Alle elezioni presidenziali USA sono giunti due finalisti che, per diverse ragioni, suggeriscono qualche domanda sulla democrazia, quantomeno quella ancora considerata tale nella corrente cultura occidentale.

Valida ancora, allo stato, l’osservazione di Churchill sull’essere, essa, la peggior forma di governo, eccezion fatta per tutte le altre forme sperimentate fino ad ora, in realtà sembrerebbe difficile pensare che in un Paese di siffatte dimensioni (anche di civilizzazione e di densità demografica, oltre che economiche) e tradizioni non si siano presentati o non siano emersi alla ribalta politica candidati diversi (da quelli che si sono affrontati e) da quelli rimasti in lizza.

Scartata la reciproca diatriba sull’età e sulla salute considerando che l’esperienza, e non solo negli USA, conferma non essere queste condizioni dirimenti (nel caso andrebbe auspicabilmente a priori accertata -ove fosse realistico immaginarlo e possibile realizzarlo in modo obiettivo e indipendente- ma in tutti i soggetti di governo e di potere la rispettiva capacità e stabilità psichica) bisogna prendere atto con una certa inquietudine che l’insieme degli elettori accettano oramai, o forse richiedono essi stessi, di sentirsi dire parole (promesse ed obiettivi) non supportate da qualche modalità attuativa.

Parole scisse dal realismo delle opere.

Quindi asserzioni e slogan e minacce, oltre che polemiche personali più o meno velenose, le quali indipendentemente dalla capacità e assertività di chi le pronuncia non valgono invero l’attimo fuggente della loro estrinsecazione.

Può ben darsi che qualcosa o molto, in particolare delle minacce, sia poi anche realizzato, ma difficilmente questo può essere visto come un programma politico a meno di non modificare radicalmente le aspettative più ovvie, e più sobrie, circa il contenuto di un programma che dovrebbe innestarsi sullo scenario che sarà ereditato da colui il quale, al vertice, sta per lasciare la mano lasciando contemporaneamente problemi molto seri sia all’interno sia all’esterno.

Nella democrazia attuale, caratterizzata da un piano inclinato verso la semplificazione e la radicalizzazione, anche violenta, di realtà che conseguono anche a crisi ed errori molteplici di vario genere, ma che comunque realtà sono e rimangono e come tali devono (dovrebbero) essere affrontate, può sfortunatamente accadere di tutto: anche l’involuzione del sistema.

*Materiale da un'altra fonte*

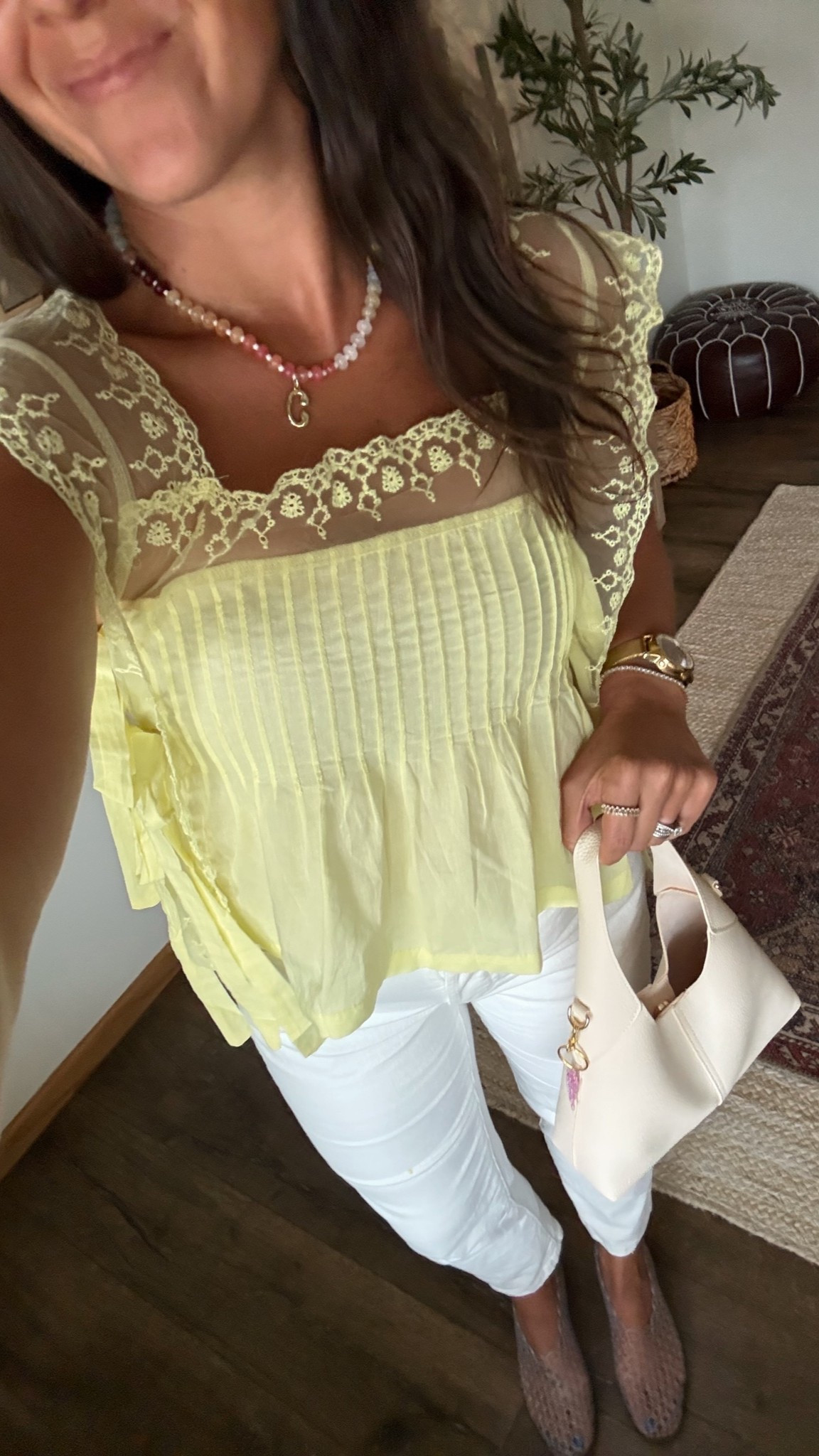 Lace top on sale for $14! And this white denim hits at the ankle - one of my staple jeans styles I’ve had in my closet for years. Comes in more washes!

Jelly shoes
Small purse
#ltkshoecrush
#ltkitbag
#ltkunder100
#ltkunder50

#LTKootd #LTKgrwm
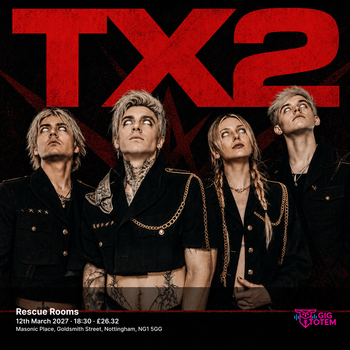 TX2 at Rescue Rooms on 12 March 2027 gig poster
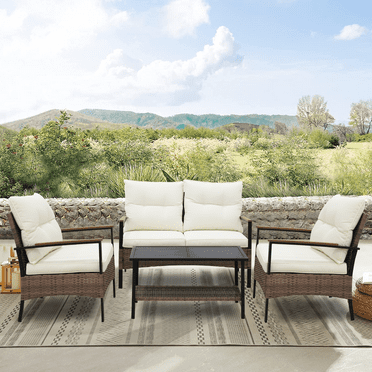 Inter Hut 4 Metal and Wicker Unmatched Relaxation Outdoor Conversation Sets, Black/Beige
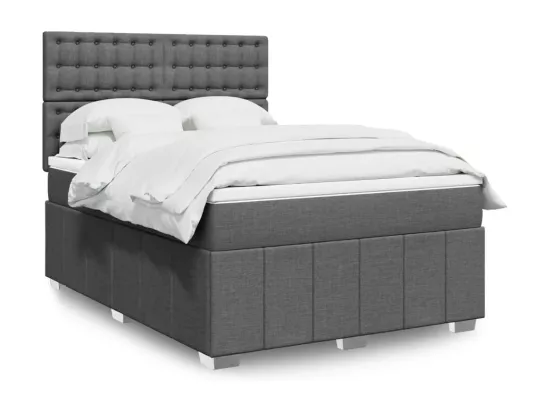 Sommier à lattes de lit avec matelas Gris foncé 160x200cm Tissu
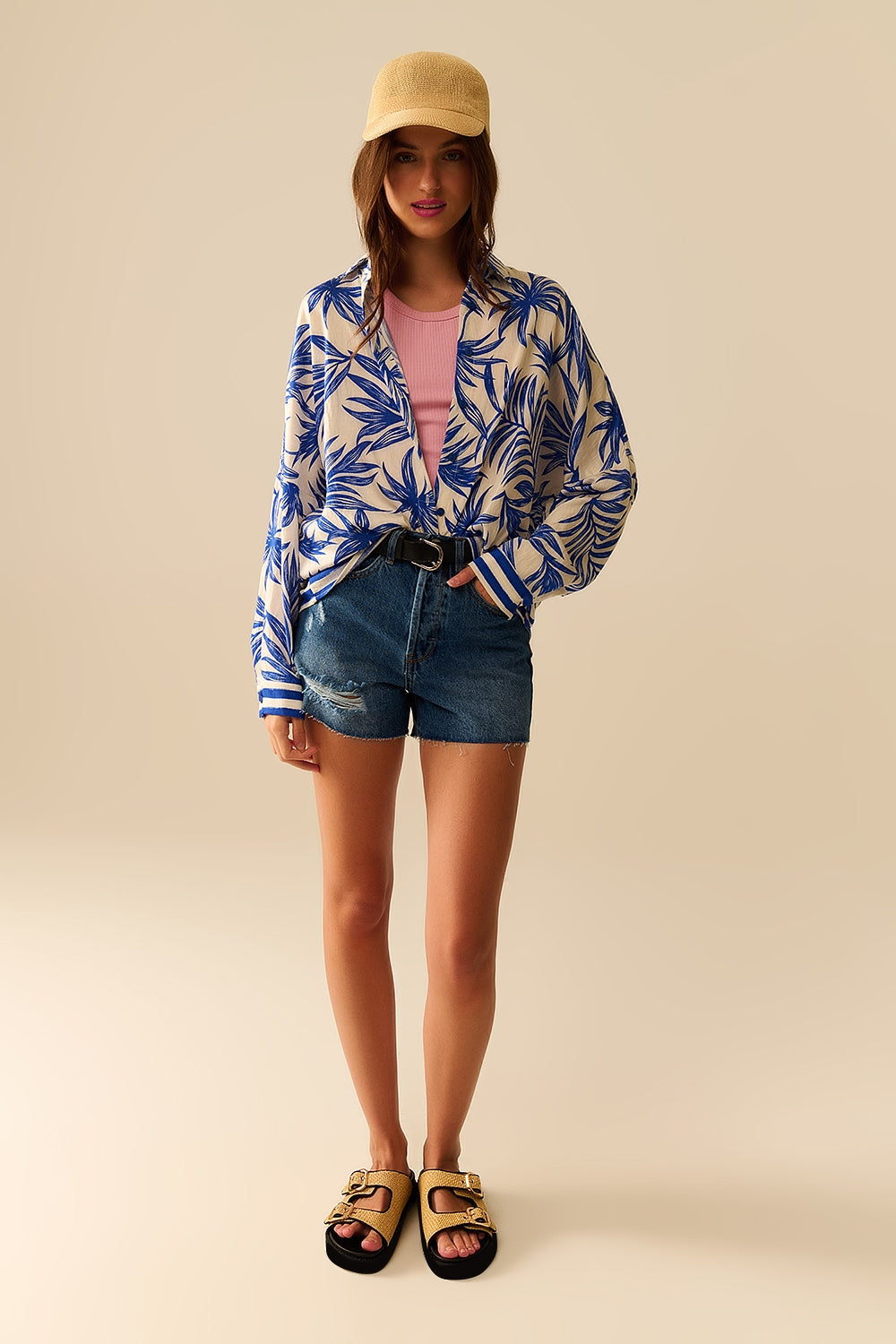 Blouse Décontractée à Motif Tropical en Bleu et Blanc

Considerando la carta geopolitica del mondo e vedendo quanti padroni già siano in circolazione, diversi dei quali mantengono spudoratamente sul biglietto da visita il termine ‘democrazia’, oltre ai numerosi aspiranti tali europei, c’è da consigliare un po’ di peraltro interessata attenzione a chi, oggi e domani, è chiamato a votare.

Una prova di libertà, che è ancora possibile in democrazia, è, per esempio il sito giornalistico statunitense che misura le asserzioni dei potenti e le loro confusioni, amnesie o pubbliche bugie con un divertente, ma chiaro termometro: PolitiFact (www.politifact.com).